Notwithstanding any other provision of this Agreement, to the extent that
Indemnitee is, by reason of his Corporate Status, a party to and is successful,
on the merits or otherwise, in any Proceeding, he shall be indemnified to the
maximum extent permitted by law against all Expenses actually and reasonably
incurred by him or on his behalf in connection therewith. For purposes of this
Agreement and without limiting the foregoing, if any action, suit or proceeding
is disposed of, on the merits or otherwise (including a disposition without
prejudice), without (i) the disposition being adverse to Indemnitee, (ii) an
adjudication that Indemnitee was liable to the Corporation, (iii) a plea of
guilty or nolo contendere
by
Indemnitee, (iv) an adjudication that Indemnitee did not act in good faith
and
in a manner Indemnitee reasonably believed to be in or not opposed to the best
interests of the Corporation, and (v) with respect to any criminal proceeding,
an adjudication that Indemnitee had reasonable cause to believe Indemnitee’s
conduct was unlawful, Indemnitee shall be considered for the purposes hereof
to
have been wholly successful with respect thereto.
If
Indemnitee is not wholly successful in such Proceeding, but is successful,
on
the merits or otherwise, as to one or more, but less than all claims, issues
or
matters in such Proceeding, the Corporation shall indemnify Indemnitee against
all Expenses actually and reasonably incurred by him or on his behalf in
connection with each successfully resolved claim, issue or matter.
(d) Additional
Indemnity.
In
addition to, and without regard to any limitations on, the indemnification
provided for in Sections 4(a) through 4(c), the Corporation shall and hereby
does indemnify and hold harmless Indemnitee against all Expenses, judgments,
penalties, fines and amounts paid in settlement actually and reasonably incurred
by him or on his behalf if, by reason of his Corporate Status he is, or is
threatened to be made, a party to or participant in any Proceeding (including,
without limitation, a Proceeding by or in the right of the Corporation).
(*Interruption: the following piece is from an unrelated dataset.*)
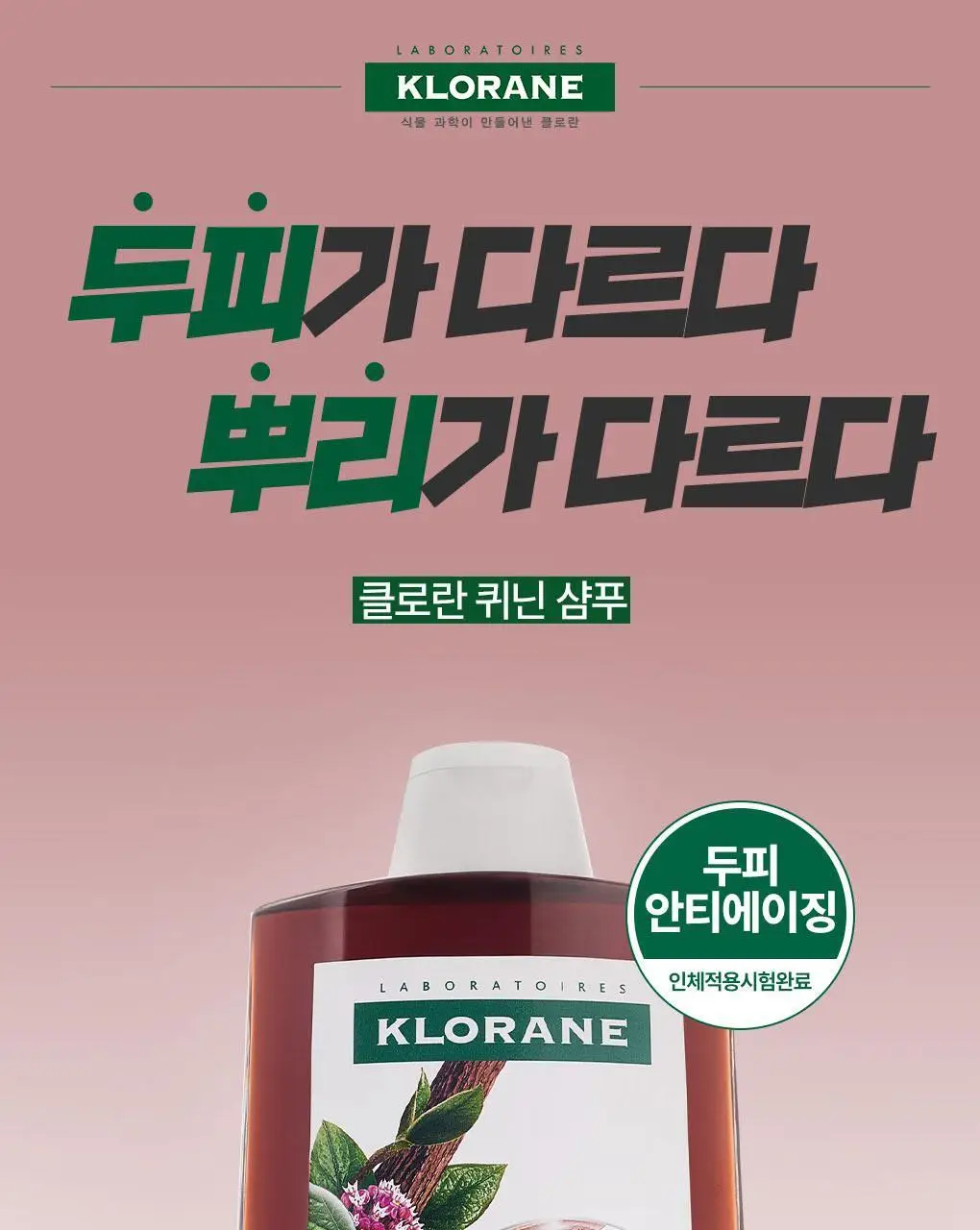 [두피활력&모발강화] 클로란 퀴닌 에델바이스 샴푸 400ml 상세페이지 5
The
only limitation that shall exist upon the Corporation’s obligations pursuant to
this Agreement shall be that the Corporation shall not be obligated to make
any
payment to Indemnitee that is finally determined (under the procedures, and
subject to the presumptions, set forth in Sections 6, 7 and 8 hereof) to be
unlawful under Delaware law.
(e)
Contribution in the Event of Joint Liability.
(i) Whether
or not the indemnification provided in Sections 4(a) through 4(d) hereof is
available, in respect of any threatened, pending or completed action, suit
or
proceeding in which the Corporation is jointly liable with Indemnitee (or would
be if joined in such action, suit or proceeding), the Corporation shall pay,
in
the first instance, the entire amount of any judgment or settlement of such
action, suit or Proceeding without requiring Indemnitee to contribute to such
payment, and the Corporation hereby waives and relinquishes any right of
contribution it may have against Indemnitee. The Corporation shall not enter
into any settlement of any action, suit or proceeding in which the Corporation
is jointly liable with Indemnitee (or would be if joined in such action, suit
or
proceeding) unless such settlement provides for a full and final release of
all
claims asserted against Indemnitee.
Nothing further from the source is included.